Start of Block

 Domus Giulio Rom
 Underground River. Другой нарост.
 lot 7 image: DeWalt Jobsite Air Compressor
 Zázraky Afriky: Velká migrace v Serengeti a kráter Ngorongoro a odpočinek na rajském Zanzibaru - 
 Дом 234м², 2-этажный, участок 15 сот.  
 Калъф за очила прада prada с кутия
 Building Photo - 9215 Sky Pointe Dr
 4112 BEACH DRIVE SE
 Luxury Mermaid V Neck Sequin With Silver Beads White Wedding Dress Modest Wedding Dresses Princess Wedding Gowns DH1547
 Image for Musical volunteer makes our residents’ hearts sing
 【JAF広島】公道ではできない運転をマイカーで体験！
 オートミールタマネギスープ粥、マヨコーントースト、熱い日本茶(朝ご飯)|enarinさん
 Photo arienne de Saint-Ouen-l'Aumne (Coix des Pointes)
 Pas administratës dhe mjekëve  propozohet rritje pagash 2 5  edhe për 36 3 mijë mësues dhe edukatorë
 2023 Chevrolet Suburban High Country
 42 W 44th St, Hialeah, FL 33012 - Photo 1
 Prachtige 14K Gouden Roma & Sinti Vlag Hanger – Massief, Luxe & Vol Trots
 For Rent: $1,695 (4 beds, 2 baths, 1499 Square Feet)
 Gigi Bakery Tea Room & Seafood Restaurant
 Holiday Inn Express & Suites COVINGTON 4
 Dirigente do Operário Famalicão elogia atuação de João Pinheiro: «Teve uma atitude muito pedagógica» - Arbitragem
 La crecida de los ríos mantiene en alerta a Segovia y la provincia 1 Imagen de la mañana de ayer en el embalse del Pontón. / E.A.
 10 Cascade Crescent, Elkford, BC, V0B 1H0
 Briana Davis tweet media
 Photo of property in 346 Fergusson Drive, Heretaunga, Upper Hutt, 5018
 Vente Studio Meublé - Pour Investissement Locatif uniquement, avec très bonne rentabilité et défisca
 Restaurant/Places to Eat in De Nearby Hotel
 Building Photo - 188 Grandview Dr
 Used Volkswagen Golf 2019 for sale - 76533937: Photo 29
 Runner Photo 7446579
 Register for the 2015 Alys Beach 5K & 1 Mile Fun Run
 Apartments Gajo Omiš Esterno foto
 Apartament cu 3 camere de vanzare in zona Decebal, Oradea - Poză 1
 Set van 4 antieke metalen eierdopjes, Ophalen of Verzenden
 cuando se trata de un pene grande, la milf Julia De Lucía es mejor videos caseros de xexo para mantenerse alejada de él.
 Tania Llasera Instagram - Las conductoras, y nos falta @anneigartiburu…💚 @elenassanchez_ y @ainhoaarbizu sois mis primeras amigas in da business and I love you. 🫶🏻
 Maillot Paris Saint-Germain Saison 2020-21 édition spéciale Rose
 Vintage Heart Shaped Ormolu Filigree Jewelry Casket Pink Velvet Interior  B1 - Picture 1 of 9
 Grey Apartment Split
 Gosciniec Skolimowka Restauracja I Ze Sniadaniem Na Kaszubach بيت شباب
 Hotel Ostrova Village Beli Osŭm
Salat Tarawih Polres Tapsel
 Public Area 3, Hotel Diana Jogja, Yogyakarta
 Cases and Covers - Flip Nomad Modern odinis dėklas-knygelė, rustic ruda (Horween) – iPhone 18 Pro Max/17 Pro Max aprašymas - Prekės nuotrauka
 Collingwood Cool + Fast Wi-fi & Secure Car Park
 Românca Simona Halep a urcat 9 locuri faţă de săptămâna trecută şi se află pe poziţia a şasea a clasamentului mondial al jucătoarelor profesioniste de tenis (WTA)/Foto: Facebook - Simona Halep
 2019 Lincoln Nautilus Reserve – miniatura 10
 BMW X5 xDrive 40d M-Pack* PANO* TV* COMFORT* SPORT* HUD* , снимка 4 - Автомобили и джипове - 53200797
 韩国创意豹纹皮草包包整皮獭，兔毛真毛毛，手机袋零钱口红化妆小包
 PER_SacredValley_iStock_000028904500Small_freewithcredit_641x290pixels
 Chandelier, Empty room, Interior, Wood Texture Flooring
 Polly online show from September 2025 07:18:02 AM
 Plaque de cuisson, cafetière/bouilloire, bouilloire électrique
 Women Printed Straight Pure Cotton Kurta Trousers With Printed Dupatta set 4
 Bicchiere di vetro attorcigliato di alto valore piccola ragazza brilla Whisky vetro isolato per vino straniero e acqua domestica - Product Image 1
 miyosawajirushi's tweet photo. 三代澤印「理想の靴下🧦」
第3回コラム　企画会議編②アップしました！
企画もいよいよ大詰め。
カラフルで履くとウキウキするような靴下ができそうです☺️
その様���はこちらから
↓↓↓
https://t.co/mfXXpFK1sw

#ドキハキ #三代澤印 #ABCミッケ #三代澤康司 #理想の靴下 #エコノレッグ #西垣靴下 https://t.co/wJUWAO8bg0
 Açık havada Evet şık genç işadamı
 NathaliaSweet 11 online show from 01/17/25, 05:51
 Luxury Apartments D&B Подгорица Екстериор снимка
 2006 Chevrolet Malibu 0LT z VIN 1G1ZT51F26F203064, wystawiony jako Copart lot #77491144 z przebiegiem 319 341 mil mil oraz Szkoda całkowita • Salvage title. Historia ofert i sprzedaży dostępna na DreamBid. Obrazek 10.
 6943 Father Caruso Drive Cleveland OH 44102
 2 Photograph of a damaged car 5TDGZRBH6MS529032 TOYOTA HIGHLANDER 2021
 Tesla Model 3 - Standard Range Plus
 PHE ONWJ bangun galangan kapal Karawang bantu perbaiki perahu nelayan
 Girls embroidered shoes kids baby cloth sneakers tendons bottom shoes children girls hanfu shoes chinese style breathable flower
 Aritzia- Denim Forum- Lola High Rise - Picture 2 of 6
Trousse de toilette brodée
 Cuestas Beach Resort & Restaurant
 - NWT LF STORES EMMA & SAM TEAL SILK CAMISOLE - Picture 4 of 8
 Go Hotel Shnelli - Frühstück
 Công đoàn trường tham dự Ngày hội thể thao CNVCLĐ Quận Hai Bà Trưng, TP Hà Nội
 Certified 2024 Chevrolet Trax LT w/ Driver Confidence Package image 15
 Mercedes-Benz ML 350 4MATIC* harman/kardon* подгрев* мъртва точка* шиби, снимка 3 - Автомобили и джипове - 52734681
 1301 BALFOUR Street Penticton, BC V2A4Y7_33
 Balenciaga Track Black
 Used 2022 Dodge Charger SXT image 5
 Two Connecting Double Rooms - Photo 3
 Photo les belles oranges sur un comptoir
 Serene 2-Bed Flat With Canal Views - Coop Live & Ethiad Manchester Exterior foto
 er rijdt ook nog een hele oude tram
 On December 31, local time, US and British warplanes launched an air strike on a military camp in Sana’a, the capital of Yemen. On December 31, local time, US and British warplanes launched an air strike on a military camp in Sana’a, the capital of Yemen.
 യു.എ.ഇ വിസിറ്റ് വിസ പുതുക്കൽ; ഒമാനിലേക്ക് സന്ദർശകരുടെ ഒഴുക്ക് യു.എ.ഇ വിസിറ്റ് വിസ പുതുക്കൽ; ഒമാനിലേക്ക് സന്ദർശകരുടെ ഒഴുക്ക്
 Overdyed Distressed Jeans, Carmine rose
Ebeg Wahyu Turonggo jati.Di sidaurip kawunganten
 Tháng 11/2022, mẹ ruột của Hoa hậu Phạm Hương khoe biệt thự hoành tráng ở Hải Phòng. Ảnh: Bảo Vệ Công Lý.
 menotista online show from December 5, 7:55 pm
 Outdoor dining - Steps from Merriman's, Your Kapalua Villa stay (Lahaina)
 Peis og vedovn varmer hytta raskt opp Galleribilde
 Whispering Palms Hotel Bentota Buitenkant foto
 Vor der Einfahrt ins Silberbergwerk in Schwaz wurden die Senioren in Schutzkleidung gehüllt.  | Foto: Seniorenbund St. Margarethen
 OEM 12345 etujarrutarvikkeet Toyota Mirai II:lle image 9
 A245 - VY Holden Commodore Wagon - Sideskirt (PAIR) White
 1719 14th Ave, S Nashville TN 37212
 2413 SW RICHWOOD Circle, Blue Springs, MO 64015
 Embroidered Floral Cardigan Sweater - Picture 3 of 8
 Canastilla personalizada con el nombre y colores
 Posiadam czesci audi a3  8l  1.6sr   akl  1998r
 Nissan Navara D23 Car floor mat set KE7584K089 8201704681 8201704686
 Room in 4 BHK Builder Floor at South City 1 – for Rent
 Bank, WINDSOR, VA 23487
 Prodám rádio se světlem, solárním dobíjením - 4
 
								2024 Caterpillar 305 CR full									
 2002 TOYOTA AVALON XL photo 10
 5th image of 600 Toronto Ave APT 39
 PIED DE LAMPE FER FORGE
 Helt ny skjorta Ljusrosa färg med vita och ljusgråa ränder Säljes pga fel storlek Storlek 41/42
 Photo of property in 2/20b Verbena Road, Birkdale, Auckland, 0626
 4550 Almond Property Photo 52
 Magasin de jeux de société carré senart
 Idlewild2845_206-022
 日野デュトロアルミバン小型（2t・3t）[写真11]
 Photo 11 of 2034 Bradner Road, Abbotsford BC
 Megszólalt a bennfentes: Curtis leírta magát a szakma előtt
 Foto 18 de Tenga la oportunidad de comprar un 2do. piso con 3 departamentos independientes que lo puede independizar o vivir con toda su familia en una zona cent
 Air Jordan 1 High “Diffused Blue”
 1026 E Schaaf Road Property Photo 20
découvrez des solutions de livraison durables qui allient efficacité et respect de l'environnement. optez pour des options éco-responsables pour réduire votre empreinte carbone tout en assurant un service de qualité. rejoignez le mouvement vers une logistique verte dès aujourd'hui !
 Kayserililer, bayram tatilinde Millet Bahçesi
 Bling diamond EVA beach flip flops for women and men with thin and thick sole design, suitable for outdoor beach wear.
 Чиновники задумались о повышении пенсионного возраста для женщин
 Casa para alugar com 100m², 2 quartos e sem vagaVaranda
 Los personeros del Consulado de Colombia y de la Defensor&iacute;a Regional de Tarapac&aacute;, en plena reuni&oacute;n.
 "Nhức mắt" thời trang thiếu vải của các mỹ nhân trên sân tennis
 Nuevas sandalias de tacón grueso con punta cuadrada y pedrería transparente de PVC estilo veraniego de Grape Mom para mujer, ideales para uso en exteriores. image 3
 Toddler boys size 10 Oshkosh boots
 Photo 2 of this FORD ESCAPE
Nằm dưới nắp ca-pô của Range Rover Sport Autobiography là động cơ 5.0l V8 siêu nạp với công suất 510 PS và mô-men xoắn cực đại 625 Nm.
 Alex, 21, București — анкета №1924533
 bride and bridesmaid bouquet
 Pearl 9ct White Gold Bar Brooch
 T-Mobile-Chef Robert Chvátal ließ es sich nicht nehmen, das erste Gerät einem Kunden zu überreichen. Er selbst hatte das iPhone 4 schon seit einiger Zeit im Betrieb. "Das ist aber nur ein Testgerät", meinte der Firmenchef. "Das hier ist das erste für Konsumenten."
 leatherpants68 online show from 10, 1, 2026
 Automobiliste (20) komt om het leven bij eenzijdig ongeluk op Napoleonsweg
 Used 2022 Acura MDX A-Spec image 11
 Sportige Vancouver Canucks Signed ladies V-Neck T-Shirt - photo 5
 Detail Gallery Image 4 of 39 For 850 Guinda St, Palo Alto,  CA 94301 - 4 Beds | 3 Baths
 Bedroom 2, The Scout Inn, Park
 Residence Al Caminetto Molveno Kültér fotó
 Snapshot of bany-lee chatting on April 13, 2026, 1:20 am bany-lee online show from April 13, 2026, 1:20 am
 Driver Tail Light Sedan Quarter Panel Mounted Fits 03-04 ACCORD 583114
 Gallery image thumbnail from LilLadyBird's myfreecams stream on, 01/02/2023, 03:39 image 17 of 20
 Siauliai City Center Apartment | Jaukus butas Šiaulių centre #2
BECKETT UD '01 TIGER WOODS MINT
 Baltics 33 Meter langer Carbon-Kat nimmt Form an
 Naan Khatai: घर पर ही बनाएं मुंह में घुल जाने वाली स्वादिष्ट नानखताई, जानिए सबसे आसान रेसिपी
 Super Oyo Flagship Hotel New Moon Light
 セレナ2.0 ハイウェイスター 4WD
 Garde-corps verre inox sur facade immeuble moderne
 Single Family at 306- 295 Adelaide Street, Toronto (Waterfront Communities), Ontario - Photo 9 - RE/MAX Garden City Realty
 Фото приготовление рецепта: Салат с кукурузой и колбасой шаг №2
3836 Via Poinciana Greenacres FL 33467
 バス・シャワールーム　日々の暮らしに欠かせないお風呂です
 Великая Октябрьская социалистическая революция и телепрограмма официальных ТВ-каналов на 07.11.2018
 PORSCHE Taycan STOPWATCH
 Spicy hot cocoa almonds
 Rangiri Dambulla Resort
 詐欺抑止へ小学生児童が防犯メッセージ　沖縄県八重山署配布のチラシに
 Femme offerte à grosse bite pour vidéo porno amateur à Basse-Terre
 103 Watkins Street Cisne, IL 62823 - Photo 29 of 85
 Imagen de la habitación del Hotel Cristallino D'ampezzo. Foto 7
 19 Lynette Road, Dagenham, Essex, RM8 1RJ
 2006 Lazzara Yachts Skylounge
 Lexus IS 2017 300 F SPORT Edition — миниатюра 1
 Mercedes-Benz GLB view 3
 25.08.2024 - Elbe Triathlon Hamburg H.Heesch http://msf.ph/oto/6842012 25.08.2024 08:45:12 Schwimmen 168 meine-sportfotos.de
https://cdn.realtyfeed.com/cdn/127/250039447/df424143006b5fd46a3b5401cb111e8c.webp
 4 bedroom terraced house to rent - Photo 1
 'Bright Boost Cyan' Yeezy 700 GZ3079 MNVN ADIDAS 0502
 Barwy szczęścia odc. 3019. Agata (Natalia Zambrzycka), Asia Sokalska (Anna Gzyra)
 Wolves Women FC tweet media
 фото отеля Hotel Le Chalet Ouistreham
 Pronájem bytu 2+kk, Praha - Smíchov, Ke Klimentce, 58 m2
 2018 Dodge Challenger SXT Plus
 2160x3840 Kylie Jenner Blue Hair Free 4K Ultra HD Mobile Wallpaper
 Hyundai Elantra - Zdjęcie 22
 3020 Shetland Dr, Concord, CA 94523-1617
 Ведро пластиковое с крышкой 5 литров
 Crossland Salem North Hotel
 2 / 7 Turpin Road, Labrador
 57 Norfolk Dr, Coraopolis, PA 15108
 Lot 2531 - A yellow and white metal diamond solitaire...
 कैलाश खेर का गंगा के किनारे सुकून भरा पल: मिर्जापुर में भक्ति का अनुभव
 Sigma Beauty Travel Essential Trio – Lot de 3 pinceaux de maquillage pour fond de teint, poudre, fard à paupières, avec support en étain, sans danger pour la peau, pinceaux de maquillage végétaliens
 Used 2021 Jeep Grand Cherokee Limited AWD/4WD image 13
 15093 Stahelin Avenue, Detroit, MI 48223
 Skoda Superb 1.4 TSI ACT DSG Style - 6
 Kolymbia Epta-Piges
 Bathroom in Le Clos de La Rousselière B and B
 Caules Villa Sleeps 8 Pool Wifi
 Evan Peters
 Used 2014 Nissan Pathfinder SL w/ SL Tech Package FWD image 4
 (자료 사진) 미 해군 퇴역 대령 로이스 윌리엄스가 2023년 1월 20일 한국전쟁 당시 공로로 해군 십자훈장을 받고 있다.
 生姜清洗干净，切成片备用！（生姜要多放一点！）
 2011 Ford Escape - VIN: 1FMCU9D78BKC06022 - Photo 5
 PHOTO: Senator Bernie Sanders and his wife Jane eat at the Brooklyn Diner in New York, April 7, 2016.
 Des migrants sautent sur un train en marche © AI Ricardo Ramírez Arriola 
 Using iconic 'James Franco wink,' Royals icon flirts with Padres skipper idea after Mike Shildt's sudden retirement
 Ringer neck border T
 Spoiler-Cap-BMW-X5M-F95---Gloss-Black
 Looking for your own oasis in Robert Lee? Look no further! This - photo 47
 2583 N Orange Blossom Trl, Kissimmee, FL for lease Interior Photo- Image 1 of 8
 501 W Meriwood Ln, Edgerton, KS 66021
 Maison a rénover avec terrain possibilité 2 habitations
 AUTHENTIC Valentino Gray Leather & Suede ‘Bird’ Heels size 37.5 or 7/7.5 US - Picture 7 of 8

End of Block

§ Task to complete
Starting at the line that has "Cases and Covers" and ending at the line that has "NathaliaSweet 11 online", please write out the lines above exactly, leaving out all others.

§ Reply to the task
 Cases and Covers - Flip Nomad Modern odinis dėklas-knygelė, rustic ruda (Horween) – iPhone 18 Pro Max/17 Pro Max aprašymas - Prekės nuotrauka
 Collingwood Cool + Fast Wi-fi & Secure Car Park
 Românca Simona Halep a urcat 9 locuri faţă de săptămâna trecută şi se află pe poziţia a şasea a clasamentului mondial al jucătoarelor profesioniste de tenis (WTA)/Foto: Facebook - Simona Halep
 2019 Lincoln Nautilus Reserve – miniatura 10
 BMW X5 xDrive 40d M-Pack* PANO* TV* COMFORT* SPORT* HUD* , снимка 4 - Автомобили и джипове - 53200797
 韩国创意豹纹皮草包包整皮獭，兔毛真毛毛，手机袋零钱口红化妆小包
 PER_SacredValley_iStock_000028904500Small_freewithcredit_641x290pixels
 Chandelier, Empty room, Interior, Wood Texture Flooring
 Polly online show from September 2025 07:18:02 AM
 Plaque de cuisson, cafetière/bouilloire, bouilloire électrique
 Women Printed Straight Pure Cotton Kurta Trousers With Printed Dupatta set 4
 Bicchiere di vetro attorcigliato di alto valore piccola ragazza brilla Whisky vetro isolato per vino straniero e acqua domestica - Product Image 1
 miyosawajirushi's tweet photo. 三代澤印「理想の靴下🧦」
第3回コラム　企画会議編②アップしました！
企画もいよいよ大詰め。
カラフルで履くとウキウキするような靴下ができそうです☺️
その様���はこちらから
↓↓↓
https://t.co/mfXXpFK1sw

#ドキハキ #三代澤印 #ABCミッケ #三代澤康司 #理想の靴下 #エコノレッグ #西垣靴下 https://t.co/wJUWAO8bg0
 Açık havada Evet şık genç işadamı
 NathaliaSweet 11 online show from 01/17/25, 05:51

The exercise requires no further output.